2011 E&P Operations Review
During 2011, Southwestern invested a total of $2.0 billion in its E&P business and participated in drilling 708 wells, 447 of which were successful, and 261 which were in progress at year-end. Of the 261 wells in progress at year-end, 214 were located in the company's Fayetteville Shale play. Of the $2.0 billion invested in 2011, approximately $1.5 billion was invested in exploratory and development drilling and workovers, $227 million for acquisition of properties, $30 million for seismic expenditures and $199 million in capitalized interest and other expenses. Additionally, the company invested approximately $21 million in its drilling rig related equipment, sand facility and other equipment.
Fayetteville Shale – In 2011, Southwestern invested approximately $1.3 billion in its Fayetteville Shale play, which included approximately $1.2 billion to spud 650 wells, 580 of which were operated. The company increased its reserves in the Fayetteville Shale by 1.2 Tcf at a finding and development cost of $1.13 per Mcf (finding and development costs are considered by the SEC to be non-GAAP financial measures and have been computed below), including net downward reserve revisions of 15.3 Bcf due primarily to downward performance revisions of 14.1 Bcf and downward price revisions of 1.2 Bcf. Included in the company's total capital investments in the area during 2011 was $132 million in capitalized costs and other expenses and $10 million for the acquisition of properties.
Southwestern's net production from the Fayetteville Shale was 436.8 Bcf in 2011, up 25% from 350.2 Bcf in 2010, as gross production from the company's operated wells in the Fayetteville Shale increased from approximately 1,635 MMcf per day at the beginning of 2011 to approximately 1,947 MMcf per day by year-end. The graph below provides gross production data from the company's operated wells in the Fayetteville Shale area through December 31, 2011.
(Photo: http://photos.prnewswire.com/prnh/20120227/DA60041-a)

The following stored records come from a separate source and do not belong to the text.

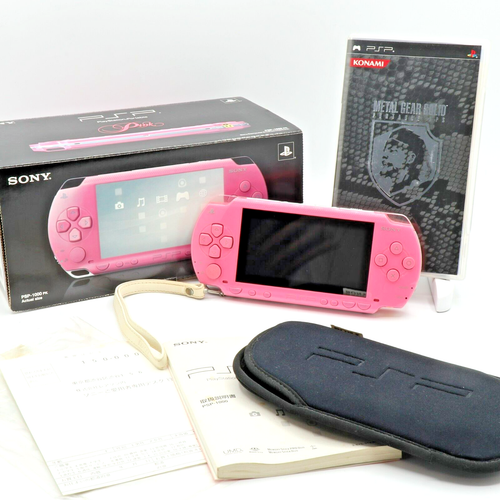 PSP 1000 Pink Console SONY Tested Metal Gear Solid Portable OPS Box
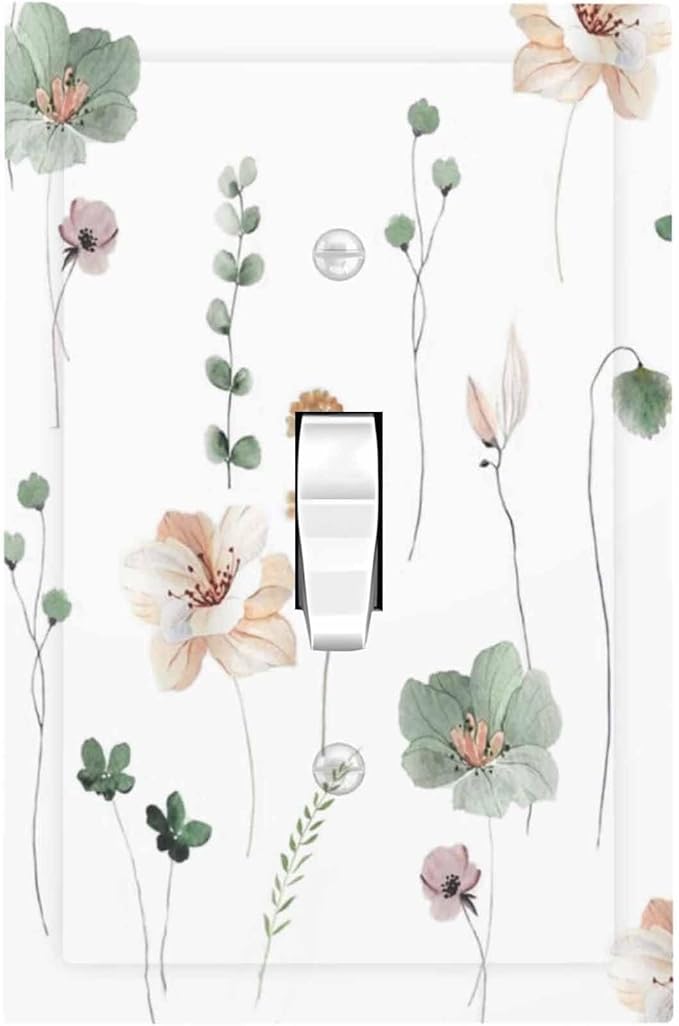 Decorative Light Switch Cover Watercolor Floral Botanical Flowers 1 Gang Single Toggle Device Electrical Faceplate Switchplates Decorator Outlet Wall Plate For Living Room Bed Room Decor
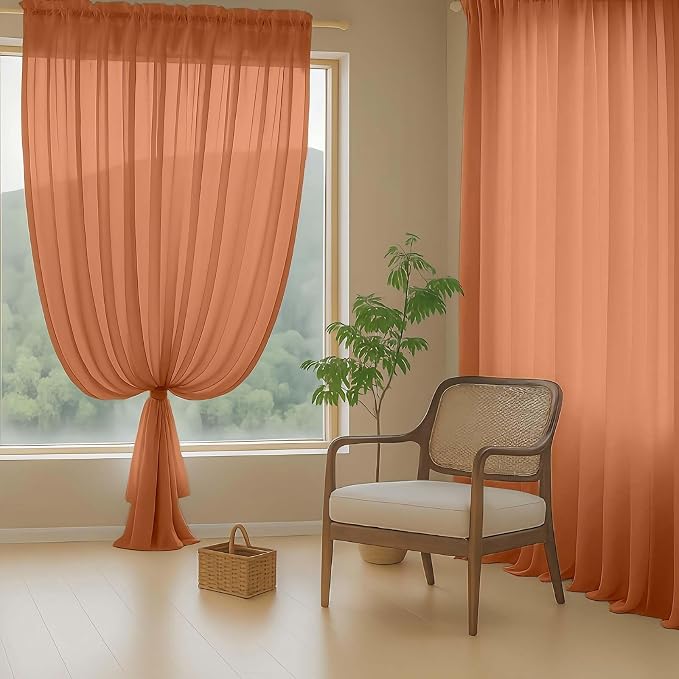Orange Sheer Curtains for Window 72 inches Long 2 Panels Set, Soft Airy Modern - Image 8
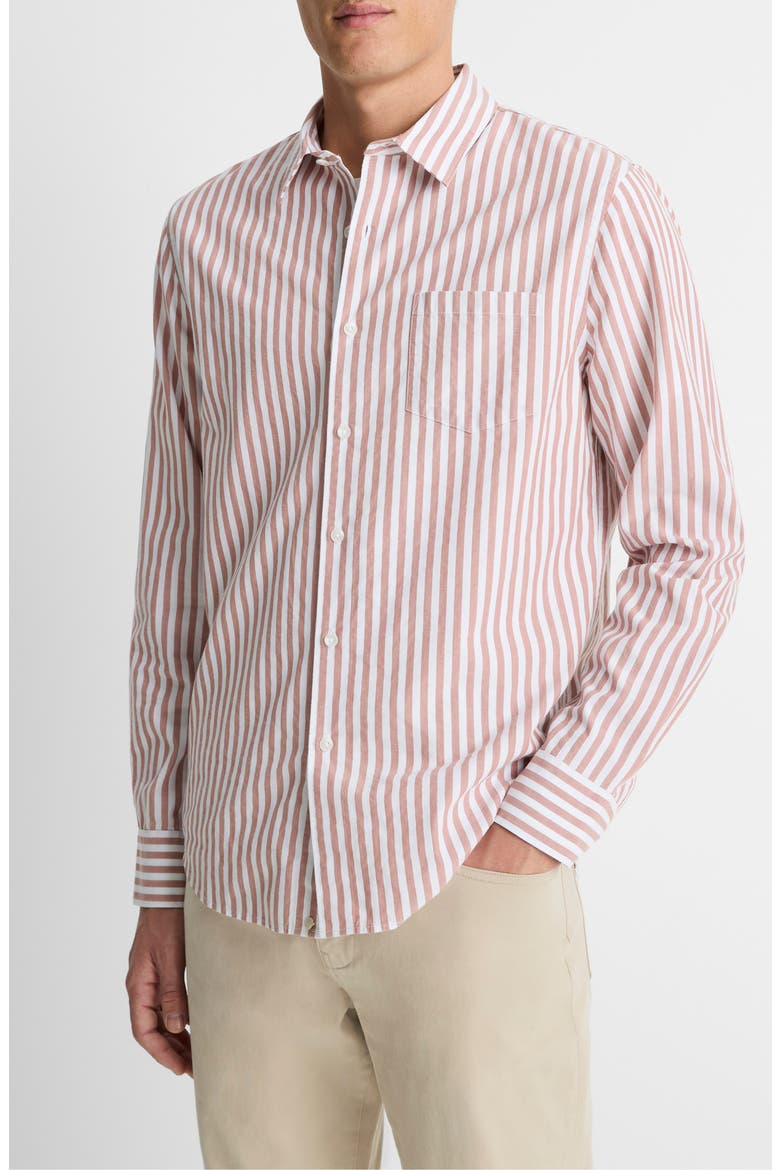 Stripe Classic Fit Button-Up Shirt, Alternate, color, SEPIA/ OPTIC WHITE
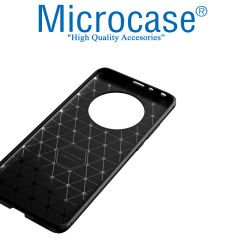 Microcase Huawei Mate 40 Pro Maxy Serisi Carbon Fiber Silikon Kılıf - Siyah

The company's total proved net reserves booked in the Fayetteville Shale at year-end 2011 were 5,104 Bcf from a total of 4,376 locations, of which 2,735 were proved developed producing, 59 were proved developed non-producing and 1,582 were proved undeveloped. Of the 4,376 locations, 4,310 were horizontal. The average gross proved reserves for the undeveloped wells included in its 2011 and 2010 year-end reserves was approximately 2.4 Bcf per well, respectively. Total proved net gas reserves booked in the area at year-end 2010 totaled approximately 4,345 Bcf from a total of 3,682 locations, of which 2,120 were proved developed producing, 36 were proved developed non-producing and 1,526 were proved undeveloped.

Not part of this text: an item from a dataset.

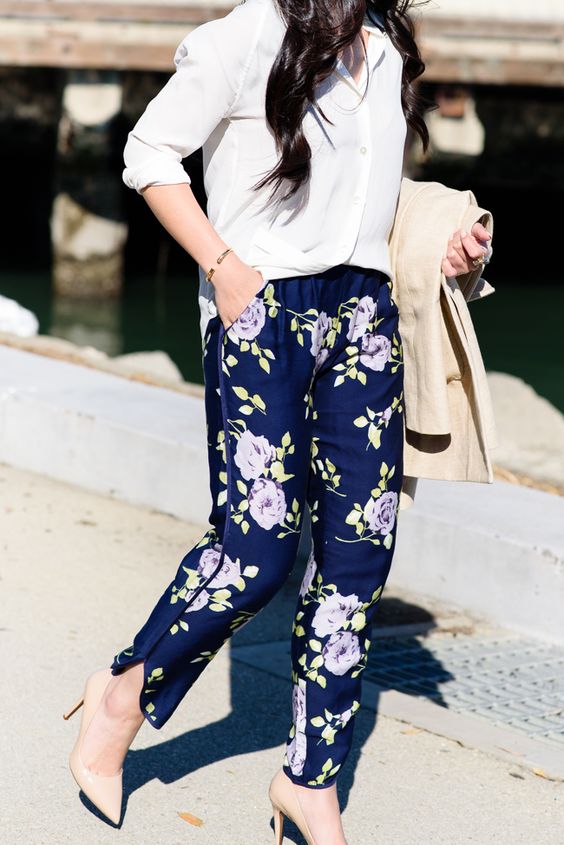 navy floral print pants, a white shirt and nude heels plus a neutral trench for spring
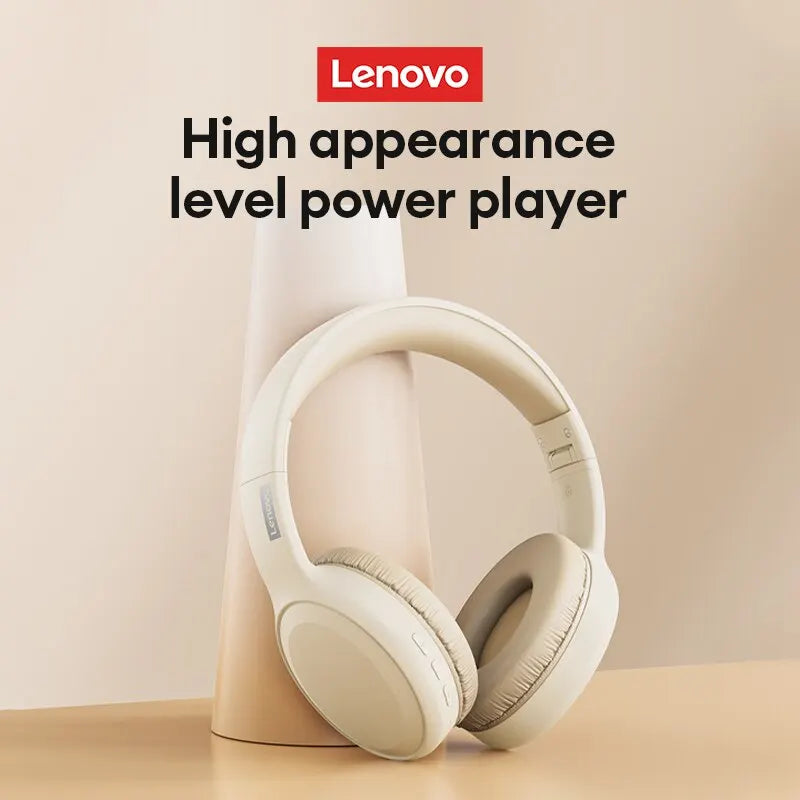 Lenovo TH30 Wireless Bluetooth 5.3 Headphones - Foldable Gaming Headset with Mic & 250mAh Battery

Over the past several years, the company has seen continual improvement in its drilling practices in the Fayetteville Shale play. Southwestern's operated horizontal wells had an average completed well cost of $2.8 million per well, average horizontal lateral length of 4,836 feet and average time to drill to total depth of 8 days from re-entry to re-entry in 2011. This compares to an average completed operated well cost of $2.8 million per well, average horizontal lateral length of 4,528 feet and average time to drill to total depth of 11 days from re-entry to re-entry during 2010. The operated wells the company placed on production during 2011 averaged initial production rates of 3,330 Mcf per day, compared to average initial production rates of 3,364 Mcf per day in 2010. The slight decrease in initial production rates was primarily due to increased well density and locational differences in the mix of wells. During 2011, Southwestern placed 51 operated wells on production with initial production rates that exceeded 5.0 MMcf per day, including 6 wells that exceeded 6.0 MMcf per day.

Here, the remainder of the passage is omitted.